Step 5: Scaling the Dell Pro Max with GB10
That brought my thinking around to applying this to other companies. Frankly, there are many companies that do not have the capital or facilities to buy and house $200K+ 8-GPU servers, or even one of them. On the other hand, two of these are only around $8100.

Recently we did an in-depth piece using these showing why The NVIDIA GB10 ConnectX-7 200GbE Networking is Really Different. The networking is actually similar to what we saw when we did bi-directional 800Gbps traffic through the NVIDIA ConnectX-8 NIC in our review. NVIDIA has its (fast) Arm processor, Blackwell GPU, a lot of memory, and high-speed networking to allow for not just one of these to be used at a time. Doing that ConnectX-8 piece really helped give us the perspective that these are probably the best low-cost development tools for NVIDIA’s Arm, Blackwell, and RDMA networking stack. The RDMA networking is important because it provides a path to scale to larger models.
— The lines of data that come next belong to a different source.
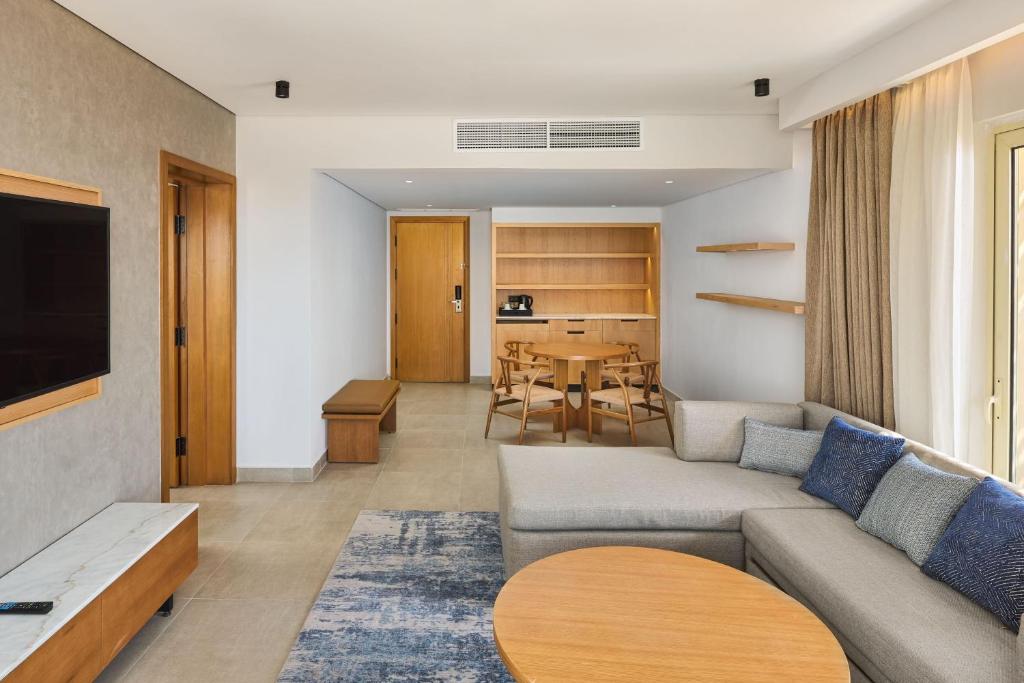 Телевизор и/или развлекательный центр в Sheraton Soma Bay Resort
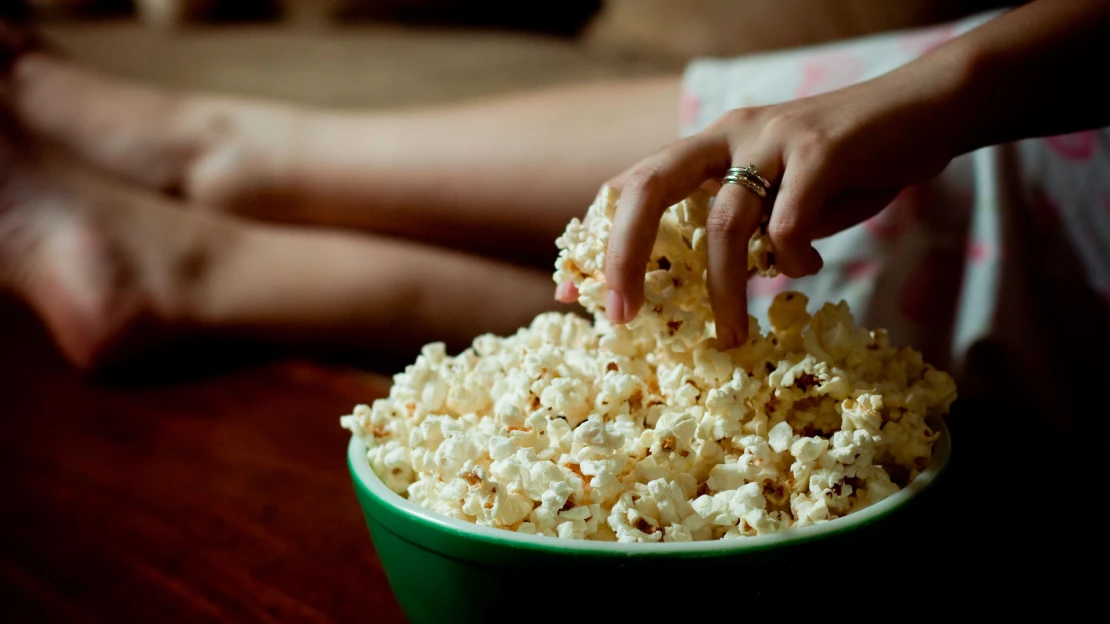 Co dělat, když se vám na silvestra nechce ven? Snězte hrozny, dejte si popcorn a&nbsp;vylezte na židli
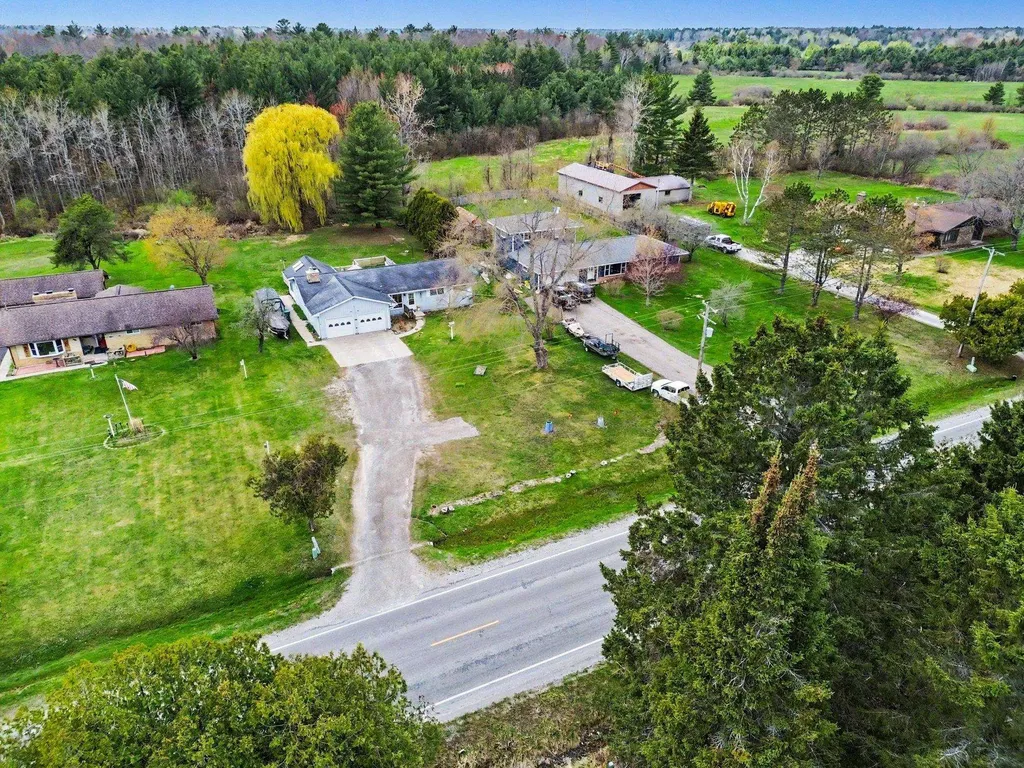 733 Monument Road Baldwin Township MI 48763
When I first saw the MikroTik CRS812-8DS-2DQ-2DDQ-RM and upcoming MikroTik CRS804 DDQ in Latvia last summer I told John Tully, MikroTik’s co-founder, that these were perfect for the GB10 clusters. Indeed, if you are buying a few of these units, then these have become the de-facto standard for low-power and lower-cost switches.

In the video, we showed you how to connect these not just to those smaller switches, but also a larger Dell Z9332F-ON 32-port 400GbE switch. We also tested these with the NVIDIA DGX Spark. These days we would strongly suggest getting a Dell Pro Max with GB10 over the DGX Spark because you get the ability to customize the storage and you can get Dell’s warranty and support services. That includes options for ProSupport Plus for drops and spills if you are planning to travel with these setups.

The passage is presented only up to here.